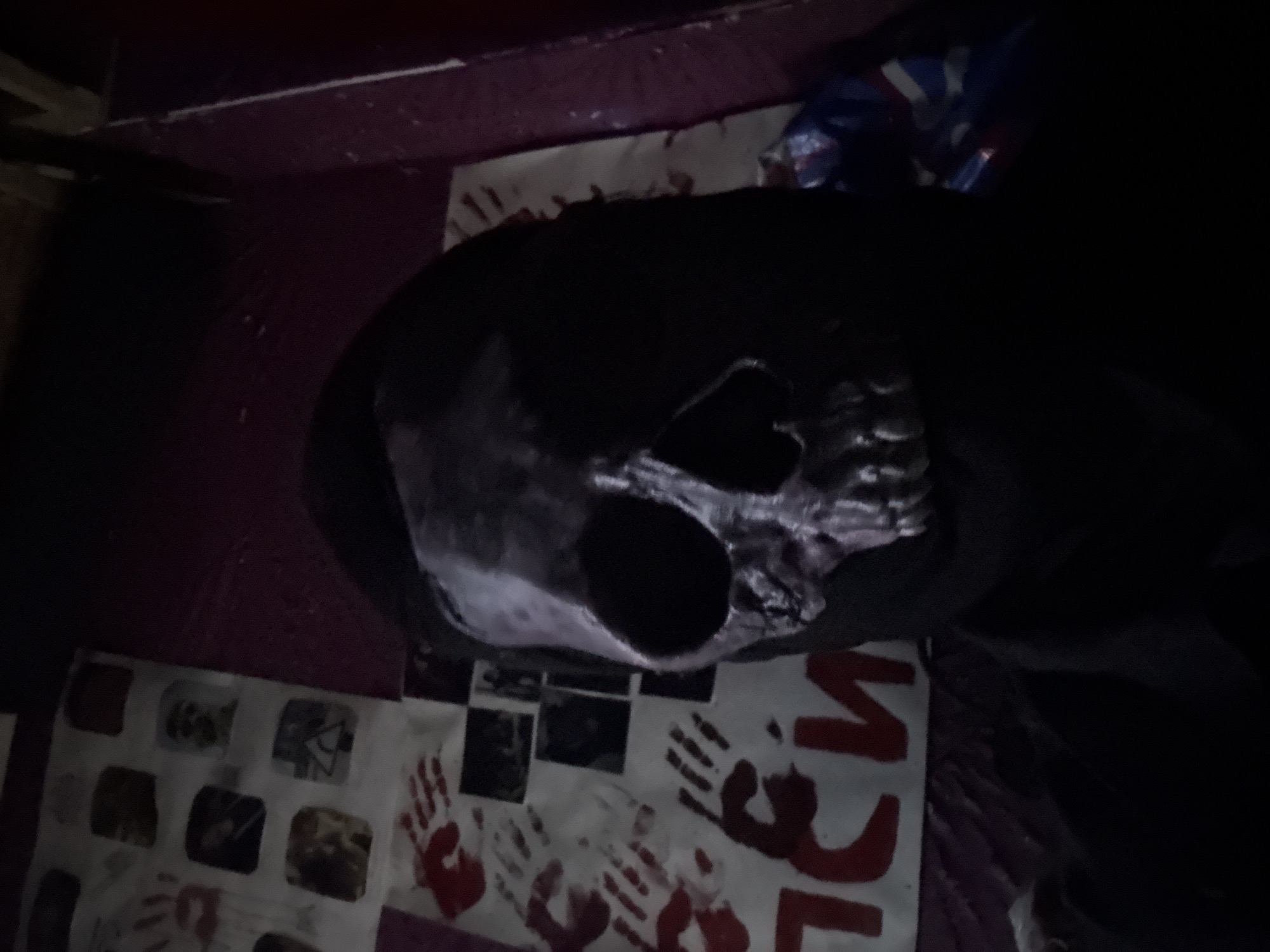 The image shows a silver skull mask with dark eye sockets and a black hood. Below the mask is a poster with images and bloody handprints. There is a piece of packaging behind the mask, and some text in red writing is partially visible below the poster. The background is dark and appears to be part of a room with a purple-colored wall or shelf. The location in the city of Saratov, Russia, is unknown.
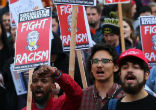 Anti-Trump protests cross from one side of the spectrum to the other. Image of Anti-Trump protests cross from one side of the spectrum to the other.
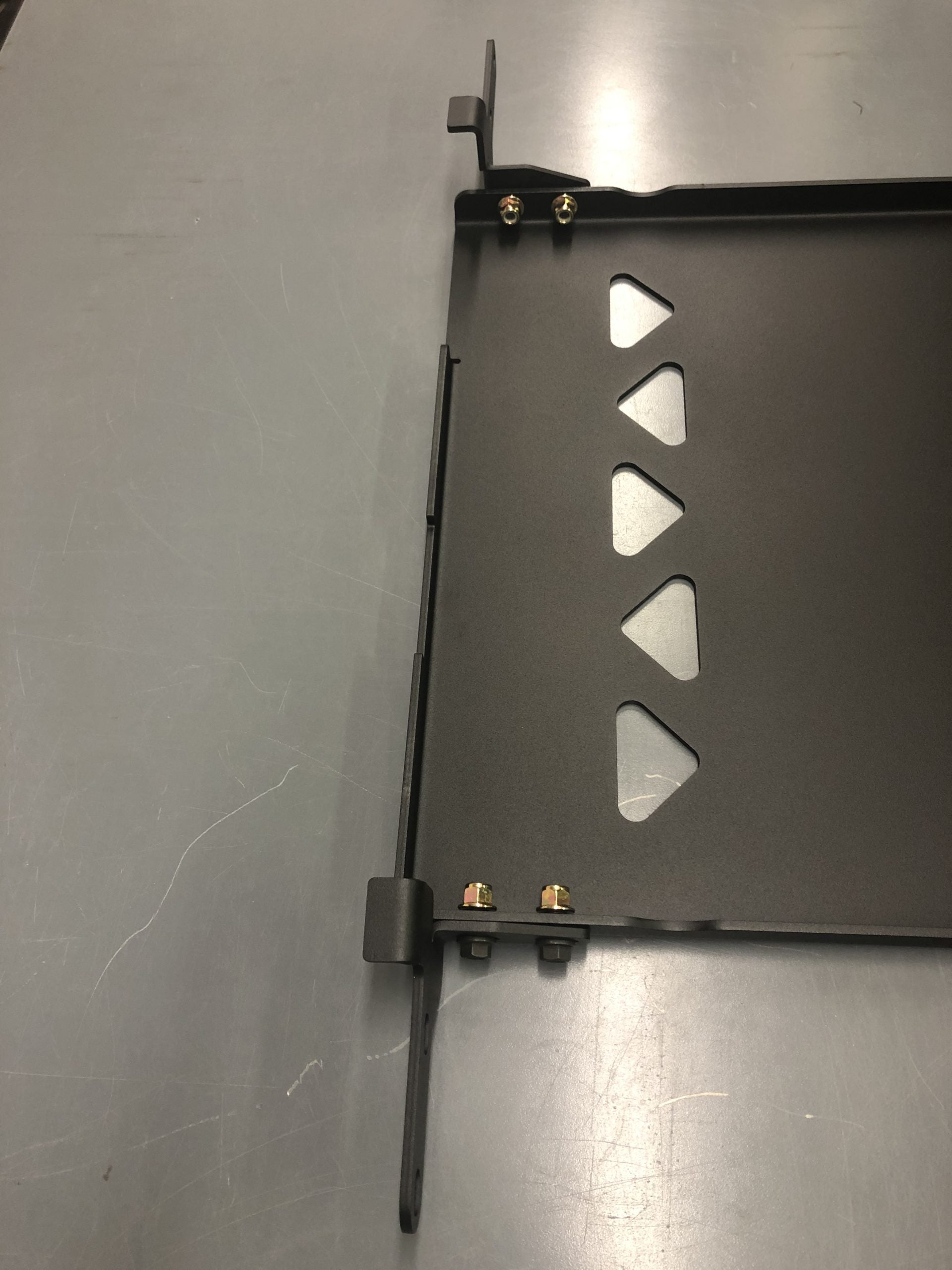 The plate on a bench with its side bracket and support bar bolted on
*-*-*
- _ABOUT THIS EXERCISE_: Transcribe exactly, and only, the lines from the one with "the other. Image" through the final line of the data above. The pictures stay out.

- _OUTPUT FOR THIS TASK_:
 Anti-Trump protests cross from one side of the spectrum to the other. Image of Anti-Trump protests cross from one side of the spectrum to the other.
 The plate on a bench with its side bracket and support bar bolted on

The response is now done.